Friday, 15 April 2016

How Synchronous REST Turns Microservices Back into Monoliths - The New Stack

How Synchronous REST Turns Microservices Back into Monoliths - The New Stack: "If you are breaking down a monolithic legacy application into a set of microservices, and if those microservices are communicating via REST (Representational State Transfer), then you still have, in effect, a monolithic application, asserted Lightbend tech lead, James Roper.



Roper laid down this heavy wisdom at the monthly New York Java Special Interest Group meeting on Wednesday, at the Viacom headquarters in Manhattan.

In the talk, Roper was a big advocate of asynchronous communication. Not surprisingly, Lightbend (formerly Typesafe) offers a Scala-based microservices platform, called Lagom, based on asynchronous communications.

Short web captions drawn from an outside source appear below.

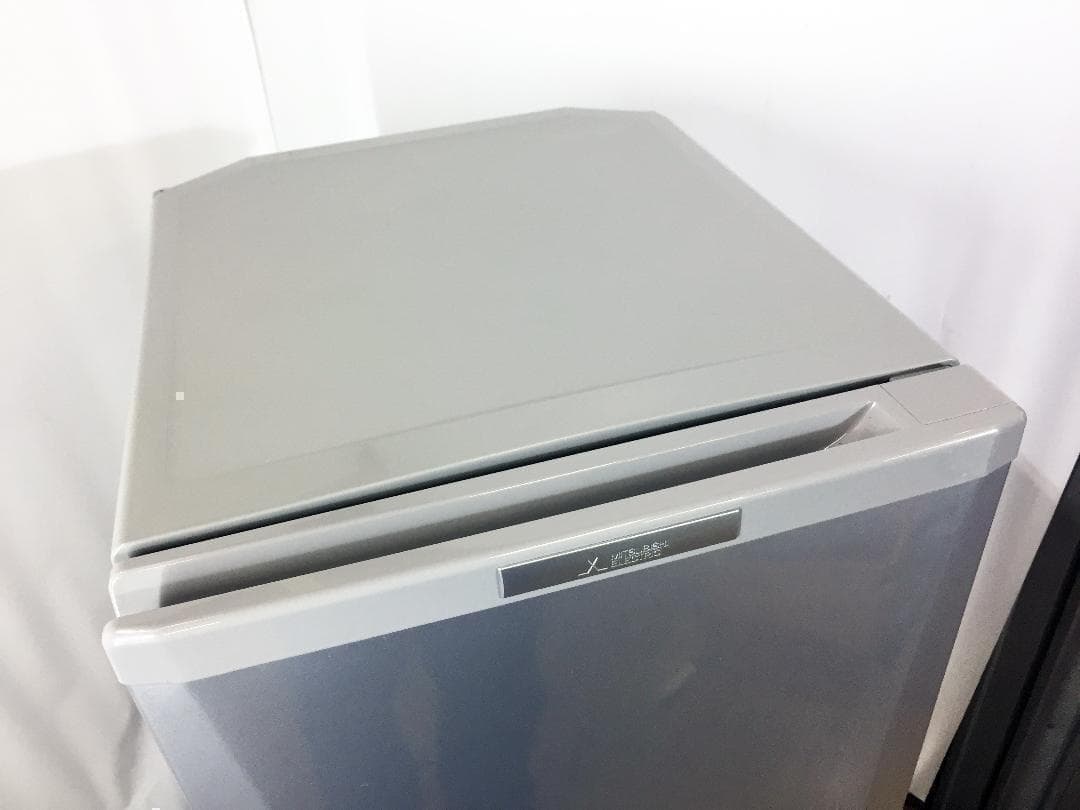 30日迄！送料無料★三菱　ラウンドカット　２ドア冷蔵庫【MR-P15Y】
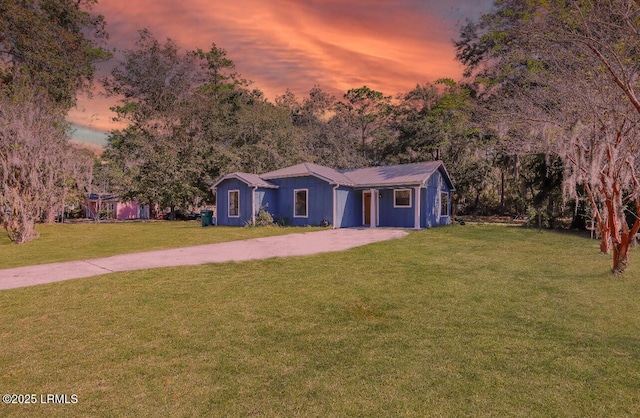 single story home featuring a yard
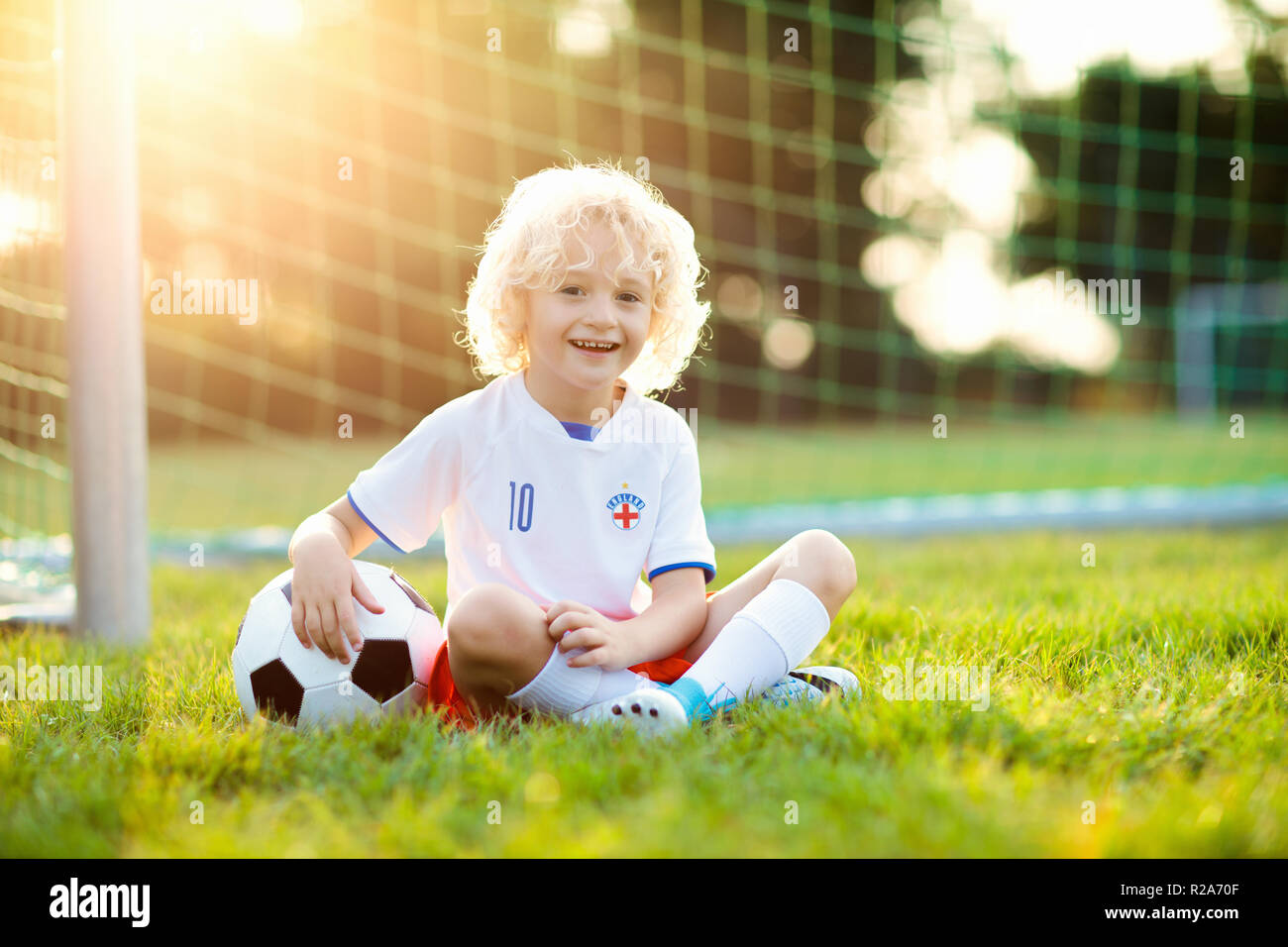 Kinder spielen Fußball im freien Feld. England team Fans. Kinder ...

Keep in mind, “asynchronous communications” is different from the commonly used term “asynchronous I/O.” Asynchronous I/O is all about not halting an operation to wait for a process thread to complete, while asynchronous communication, an artifact of microservices, is about designing a system such that one service doesn’t need to wait on another to complete its task.

“Using async communication, if a user makes a request to a service, and that service needs to make a request to another service, that communication is not going to block [the first service] service from returning a response to the user,” Roper said."